The complaint, brought by political adversary Mark Petracca, a UC Irvine assistant professor, arose from the sale of one house and purchase of another by her then-business partner and now husband, Donald Sheridan, for Paul O. Brady Jr. Brady, with the subsequent help of Sheridan’s vote on the council, was promoted from assistant city manager to city manager. Petracca alleged that Sheridan’s vote for Brady’s promotion nine months after the transaction constituted a violation of state conflict-of-interest law, which bars elected officials from voting on matters that could financially benefit someone who has given or paid them more than $250.

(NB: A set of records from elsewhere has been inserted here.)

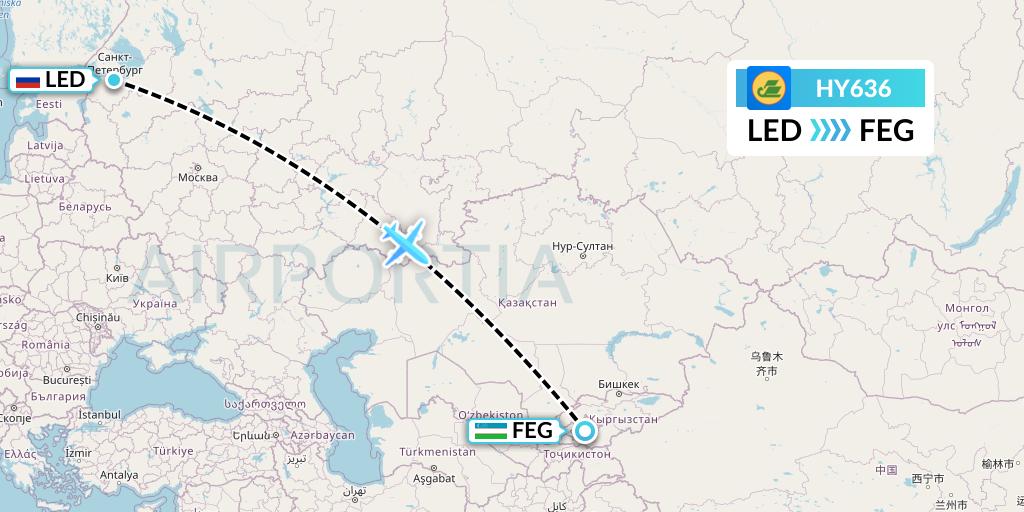 HY636 Uzbekistan Airways Flight Map: St. Petersburg to Fergana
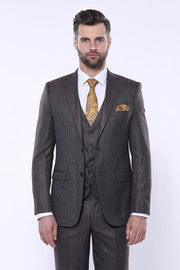 Striped Brown Vested Suit | Wessi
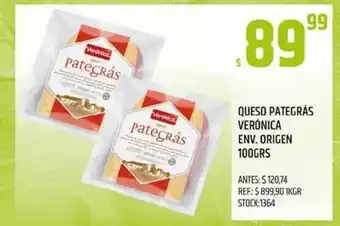 Supermercados Todo Queso Pategrás Verónica Env. Origen 100grs oferta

Last year, Sheridan asserted that she received no commissions from the transactions of her husband, even though property transaction records showed that she split $16,038 in commissions with her husband that he earned in June, 1988, the month of the transaction. Her lawyer, in conceding a technical violation of state conflict-of-interest law, acknowledged that the Sheridans shared the commission under the business arrangement, even though she did not directly represent Brady.

If, as Sheridan now says, she did not lie about receiving money from the Brady sale in her initial statements, and even if she believed that her previous statements were correct, then she at the very least has been careless. She ought to know about the receipts of commission revenue from clients who turn out to be on the city payroll, and whose career advancement she may help decide in her role as a city official.

Sheridan, because of her position on the council, has a special burden to avoid even the appearance of a conflict.